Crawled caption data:

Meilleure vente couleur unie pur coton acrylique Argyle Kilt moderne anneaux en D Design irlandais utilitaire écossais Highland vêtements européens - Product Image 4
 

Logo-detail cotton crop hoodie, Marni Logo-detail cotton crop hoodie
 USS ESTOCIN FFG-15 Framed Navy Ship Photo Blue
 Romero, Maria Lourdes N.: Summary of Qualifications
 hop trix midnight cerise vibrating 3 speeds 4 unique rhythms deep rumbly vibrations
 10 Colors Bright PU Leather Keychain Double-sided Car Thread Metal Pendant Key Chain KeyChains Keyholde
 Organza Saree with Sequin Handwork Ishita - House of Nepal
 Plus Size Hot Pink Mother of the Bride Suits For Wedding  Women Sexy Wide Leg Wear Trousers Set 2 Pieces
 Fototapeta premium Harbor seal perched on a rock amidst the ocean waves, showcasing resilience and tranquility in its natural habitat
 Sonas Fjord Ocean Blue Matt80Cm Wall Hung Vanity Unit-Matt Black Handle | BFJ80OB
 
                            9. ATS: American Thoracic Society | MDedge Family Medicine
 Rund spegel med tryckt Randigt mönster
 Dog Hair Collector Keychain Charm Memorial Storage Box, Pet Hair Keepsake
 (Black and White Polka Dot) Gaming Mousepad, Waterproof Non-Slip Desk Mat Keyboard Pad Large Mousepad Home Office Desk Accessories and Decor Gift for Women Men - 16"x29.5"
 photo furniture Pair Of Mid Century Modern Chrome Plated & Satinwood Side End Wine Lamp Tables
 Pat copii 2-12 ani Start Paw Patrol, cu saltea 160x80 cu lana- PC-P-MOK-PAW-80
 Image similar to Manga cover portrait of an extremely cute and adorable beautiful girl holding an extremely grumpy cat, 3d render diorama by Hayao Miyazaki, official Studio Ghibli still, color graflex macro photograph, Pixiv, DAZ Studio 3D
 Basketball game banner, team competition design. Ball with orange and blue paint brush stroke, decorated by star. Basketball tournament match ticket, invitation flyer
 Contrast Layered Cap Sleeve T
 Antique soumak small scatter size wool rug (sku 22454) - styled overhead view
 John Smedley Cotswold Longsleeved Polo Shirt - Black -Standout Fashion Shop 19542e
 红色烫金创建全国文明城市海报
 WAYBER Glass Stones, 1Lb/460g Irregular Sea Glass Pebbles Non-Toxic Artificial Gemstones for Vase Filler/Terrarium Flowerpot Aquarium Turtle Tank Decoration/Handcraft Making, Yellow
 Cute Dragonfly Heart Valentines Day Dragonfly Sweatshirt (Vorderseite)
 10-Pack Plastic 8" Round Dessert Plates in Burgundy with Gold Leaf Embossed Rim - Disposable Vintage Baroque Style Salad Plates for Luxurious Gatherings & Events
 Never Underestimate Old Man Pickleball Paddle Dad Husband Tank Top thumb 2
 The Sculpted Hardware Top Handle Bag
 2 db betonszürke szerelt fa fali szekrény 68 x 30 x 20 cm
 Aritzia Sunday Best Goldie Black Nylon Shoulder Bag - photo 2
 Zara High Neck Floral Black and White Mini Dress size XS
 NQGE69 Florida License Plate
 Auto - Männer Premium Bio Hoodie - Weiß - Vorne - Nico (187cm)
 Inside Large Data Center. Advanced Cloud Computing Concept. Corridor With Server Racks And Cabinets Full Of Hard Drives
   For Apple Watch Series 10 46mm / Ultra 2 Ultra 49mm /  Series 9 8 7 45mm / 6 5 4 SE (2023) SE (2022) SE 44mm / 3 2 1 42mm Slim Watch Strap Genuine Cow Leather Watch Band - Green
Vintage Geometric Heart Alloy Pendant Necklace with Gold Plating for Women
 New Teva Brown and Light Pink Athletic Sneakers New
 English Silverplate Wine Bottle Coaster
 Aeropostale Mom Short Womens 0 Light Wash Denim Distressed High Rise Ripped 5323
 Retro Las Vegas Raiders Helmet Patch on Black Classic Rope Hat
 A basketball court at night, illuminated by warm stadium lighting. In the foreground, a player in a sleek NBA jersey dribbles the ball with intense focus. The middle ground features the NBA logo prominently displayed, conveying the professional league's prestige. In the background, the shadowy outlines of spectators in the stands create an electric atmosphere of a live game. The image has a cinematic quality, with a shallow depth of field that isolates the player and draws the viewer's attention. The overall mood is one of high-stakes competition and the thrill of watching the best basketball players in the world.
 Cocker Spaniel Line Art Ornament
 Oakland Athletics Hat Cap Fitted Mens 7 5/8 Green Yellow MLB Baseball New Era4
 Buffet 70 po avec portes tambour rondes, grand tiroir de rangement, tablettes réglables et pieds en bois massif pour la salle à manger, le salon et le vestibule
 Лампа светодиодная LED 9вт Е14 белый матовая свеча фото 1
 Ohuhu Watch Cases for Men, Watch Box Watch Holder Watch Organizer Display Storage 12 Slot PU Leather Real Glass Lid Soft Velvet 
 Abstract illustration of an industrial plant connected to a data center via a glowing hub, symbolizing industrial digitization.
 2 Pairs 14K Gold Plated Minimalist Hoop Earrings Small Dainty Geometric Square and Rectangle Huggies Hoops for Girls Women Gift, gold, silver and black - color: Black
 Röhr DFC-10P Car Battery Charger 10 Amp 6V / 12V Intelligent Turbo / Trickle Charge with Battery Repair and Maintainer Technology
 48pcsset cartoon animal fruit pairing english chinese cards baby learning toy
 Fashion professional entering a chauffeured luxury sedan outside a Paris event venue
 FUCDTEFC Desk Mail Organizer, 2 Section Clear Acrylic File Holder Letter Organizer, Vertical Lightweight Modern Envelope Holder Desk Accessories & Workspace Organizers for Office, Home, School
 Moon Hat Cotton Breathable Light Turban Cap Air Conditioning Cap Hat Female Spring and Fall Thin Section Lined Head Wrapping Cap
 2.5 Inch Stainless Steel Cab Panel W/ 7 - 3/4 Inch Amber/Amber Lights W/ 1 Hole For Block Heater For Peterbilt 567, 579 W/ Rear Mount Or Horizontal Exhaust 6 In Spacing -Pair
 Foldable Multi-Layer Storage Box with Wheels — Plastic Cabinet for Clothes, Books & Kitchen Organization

WHAT YOU WILL DO: Search the records for the word "Wine". Copy every line that has it.

OUTPUT OF THE EXERCISE:
 photo furniture Pair Of Mid Century Modern Chrome Plated & Satinwood Side End Wine Lamp Tables
 English Silverplate Wine Bottle Coaster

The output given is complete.